I learned about such duplicity early. I must have been preschool-age. My big brother was in grammar school, and my younger sister was asleep in her crib upstairs. The telephone rang in our living room, and my pretty, vivacious young mom, whom I followed like a shadow, answered it gaily:

“Hello-oooo!” She almost sang the word. I recorded her side of the conversation in my memory for all time:

“No, he isn’t here right now. … Where is he? Well, he’s on a business trip. He’ll be back in a few days. Who’s calling, please? … Oh. You’re calling from his office? … I’m afraid I don’t understand. … He told me he was going on a business trip to Ohio. He always travels to Ohio on business. You should know that. …”

She seemed genuinely perplexed. I wasn’t. Perhaps she was too blinded by her puppy-like adoration of him – he was so tall, handsome, charming and witty in those days — to see him as dispassionately as I could. I had lost respect for him after watching him too often belittle her at the dinner table, calling her such names as “skinny” and “ugly.” I knew instinctively, even at the age of four, that he was capable of leading a double life.

It’s been my observation over the years – years I’ve spent as a divorcee who has seen men in all settings (including, when I was young and newly divorced, my good friends’ husbands attempting to grope me when my friends’ heads were turned) — that many (not ALL, of course, but many) men enjoy leading double lives.

They might behave one way with the wife and kids (sober, upstanding, and reliable, like grownup altar boys, perhaps) and another way altogether with the-girlfriend [or boyfriend]-on-the-side (silly, fun-loving, and young again, as if romping on a playground). They like such arrangements, for as long as they can make them last. They perfect their dual (and dueling) roles. Their duplicity gives them a thrill.

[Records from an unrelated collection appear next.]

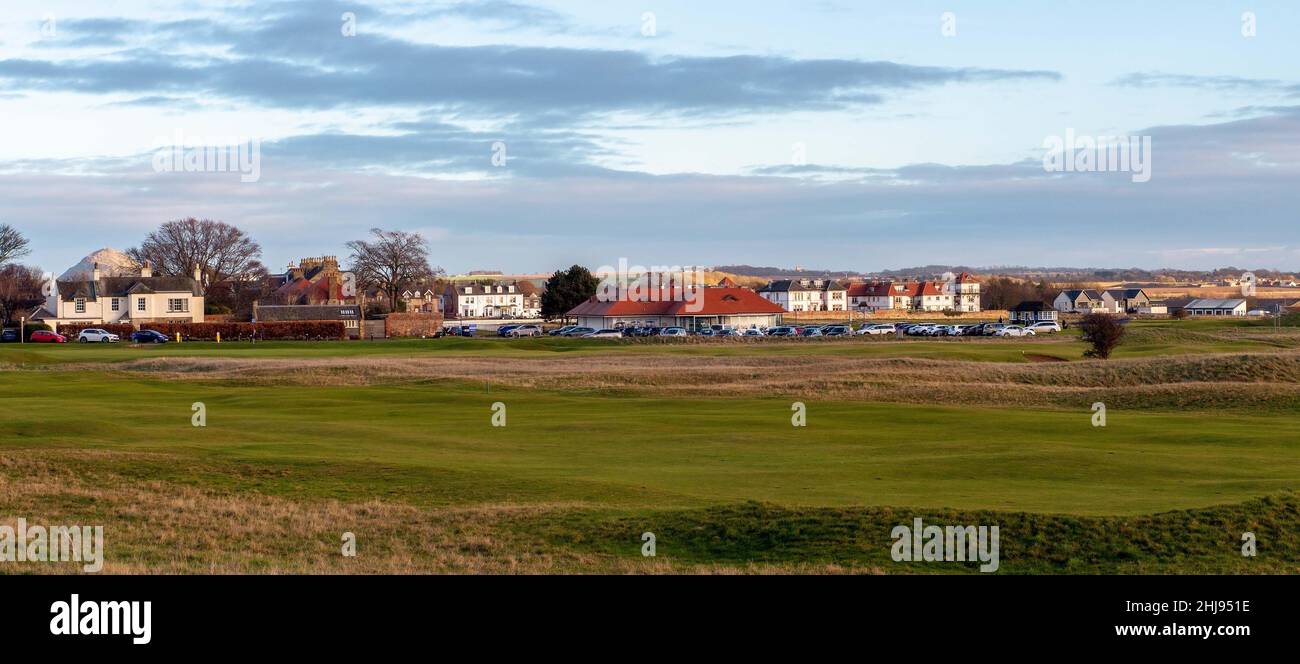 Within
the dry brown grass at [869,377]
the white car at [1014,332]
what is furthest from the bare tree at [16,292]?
the white car at [1014,332]

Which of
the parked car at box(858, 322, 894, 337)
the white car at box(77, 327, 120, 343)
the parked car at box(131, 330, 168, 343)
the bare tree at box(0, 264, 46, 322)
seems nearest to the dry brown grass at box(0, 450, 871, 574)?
the parked car at box(131, 330, 168, 343)

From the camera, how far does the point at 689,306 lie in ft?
447

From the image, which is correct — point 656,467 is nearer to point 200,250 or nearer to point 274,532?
point 274,532

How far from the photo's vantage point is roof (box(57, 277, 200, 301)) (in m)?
124

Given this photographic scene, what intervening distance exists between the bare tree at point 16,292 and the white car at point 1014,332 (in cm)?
10410

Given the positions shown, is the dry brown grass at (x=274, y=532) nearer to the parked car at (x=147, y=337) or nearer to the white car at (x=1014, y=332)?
the parked car at (x=147, y=337)

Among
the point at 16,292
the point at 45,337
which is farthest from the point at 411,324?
the point at 16,292

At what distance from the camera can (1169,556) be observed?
683 inches

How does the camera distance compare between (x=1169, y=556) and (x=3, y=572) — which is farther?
(x=1169, y=556)

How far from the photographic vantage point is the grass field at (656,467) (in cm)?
1838

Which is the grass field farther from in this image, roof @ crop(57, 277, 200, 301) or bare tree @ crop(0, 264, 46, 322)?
bare tree @ crop(0, 264, 46, 322) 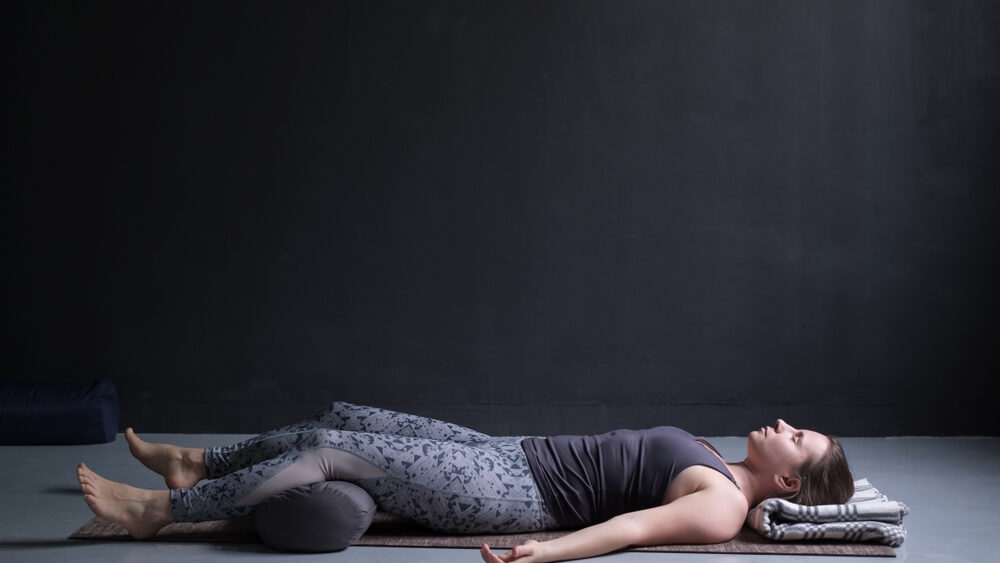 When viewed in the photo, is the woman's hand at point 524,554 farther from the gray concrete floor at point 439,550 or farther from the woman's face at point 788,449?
the woman's face at point 788,449

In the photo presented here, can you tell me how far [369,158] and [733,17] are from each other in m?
1.79

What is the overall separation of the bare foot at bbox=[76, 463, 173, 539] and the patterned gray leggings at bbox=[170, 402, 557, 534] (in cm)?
4

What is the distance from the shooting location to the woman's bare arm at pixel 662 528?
2.69 meters

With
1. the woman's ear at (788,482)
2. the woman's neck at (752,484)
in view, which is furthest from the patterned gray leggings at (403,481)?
the woman's ear at (788,482)

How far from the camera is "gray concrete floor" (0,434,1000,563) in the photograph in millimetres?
2836

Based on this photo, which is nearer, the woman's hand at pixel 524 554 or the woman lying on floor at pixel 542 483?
the woman's hand at pixel 524 554

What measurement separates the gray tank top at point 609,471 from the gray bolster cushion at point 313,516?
1.86 feet

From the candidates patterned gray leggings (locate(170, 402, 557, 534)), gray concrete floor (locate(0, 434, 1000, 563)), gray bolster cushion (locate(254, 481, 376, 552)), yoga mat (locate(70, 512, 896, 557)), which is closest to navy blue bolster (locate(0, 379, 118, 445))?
gray concrete floor (locate(0, 434, 1000, 563))

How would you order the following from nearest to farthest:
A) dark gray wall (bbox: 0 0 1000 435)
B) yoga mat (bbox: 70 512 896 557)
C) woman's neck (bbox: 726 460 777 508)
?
yoga mat (bbox: 70 512 896 557) → woman's neck (bbox: 726 460 777 508) → dark gray wall (bbox: 0 0 1000 435)

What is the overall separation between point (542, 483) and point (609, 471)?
8.2 inches

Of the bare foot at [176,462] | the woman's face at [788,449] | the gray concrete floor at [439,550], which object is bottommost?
the gray concrete floor at [439,550]

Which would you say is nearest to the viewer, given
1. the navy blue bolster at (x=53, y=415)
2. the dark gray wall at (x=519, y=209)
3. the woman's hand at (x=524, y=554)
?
the woman's hand at (x=524, y=554)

Or perhaps, I’ve thought at times, men like this are simply innately duplicitous. Perhaps they can’t help it, they’re wired this way. Chalk it up to raging testosterone. Or mental illness.

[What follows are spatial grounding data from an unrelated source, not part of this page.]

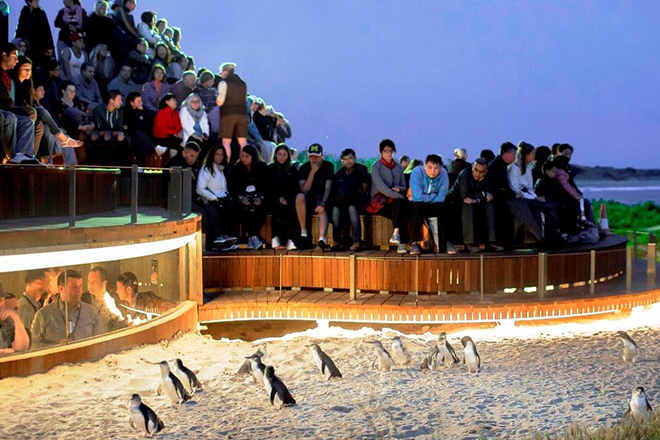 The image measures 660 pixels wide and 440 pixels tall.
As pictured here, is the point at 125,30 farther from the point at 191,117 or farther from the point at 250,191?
the point at 250,191

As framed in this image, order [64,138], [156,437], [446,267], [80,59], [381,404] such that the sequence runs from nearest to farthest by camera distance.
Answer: [156,437]
[381,404]
[64,138]
[446,267]
[80,59]

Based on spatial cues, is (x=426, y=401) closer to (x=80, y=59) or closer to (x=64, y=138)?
(x=64, y=138)

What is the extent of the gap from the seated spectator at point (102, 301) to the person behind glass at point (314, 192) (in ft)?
13.0

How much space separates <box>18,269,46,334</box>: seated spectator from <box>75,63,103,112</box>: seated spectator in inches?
266

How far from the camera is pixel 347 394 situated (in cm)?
929

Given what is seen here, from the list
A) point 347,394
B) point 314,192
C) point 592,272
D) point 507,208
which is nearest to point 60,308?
point 347,394

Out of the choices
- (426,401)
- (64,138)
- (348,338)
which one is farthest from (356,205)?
(426,401)

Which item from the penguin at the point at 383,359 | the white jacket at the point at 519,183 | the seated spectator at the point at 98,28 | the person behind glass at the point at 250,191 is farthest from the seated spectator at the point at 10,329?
the seated spectator at the point at 98,28

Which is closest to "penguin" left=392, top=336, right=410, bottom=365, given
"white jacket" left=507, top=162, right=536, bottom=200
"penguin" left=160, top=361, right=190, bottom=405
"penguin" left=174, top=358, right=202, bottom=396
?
"penguin" left=174, top=358, right=202, bottom=396

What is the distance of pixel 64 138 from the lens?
38.7 feet

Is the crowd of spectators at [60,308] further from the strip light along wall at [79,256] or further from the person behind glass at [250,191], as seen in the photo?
the person behind glass at [250,191]

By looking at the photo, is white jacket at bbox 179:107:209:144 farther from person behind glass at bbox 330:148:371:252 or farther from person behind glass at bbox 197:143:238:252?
person behind glass at bbox 330:148:371:252

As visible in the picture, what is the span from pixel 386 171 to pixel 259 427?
Answer: 649 centimetres

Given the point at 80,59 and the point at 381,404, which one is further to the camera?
the point at 80,59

The Las Vegas shooter’s girlfriend claims ignorance. I heard one TV commentator remark, “She was obviously in denial.” But are these valid defenses? It seems to me that we women must be smarter than that. We must strive to go through our lives with both eyes wide open — and both feet on the ground, supporting our own weight — even when we’re in love.

We owe it to ourselves and to our wider communities to see the men in our lives WHOLE and to call out any danger signs we might detect. Ignorance is not bliss. Ignorance has the potential to become extremely harmful. Denial can turn deadly.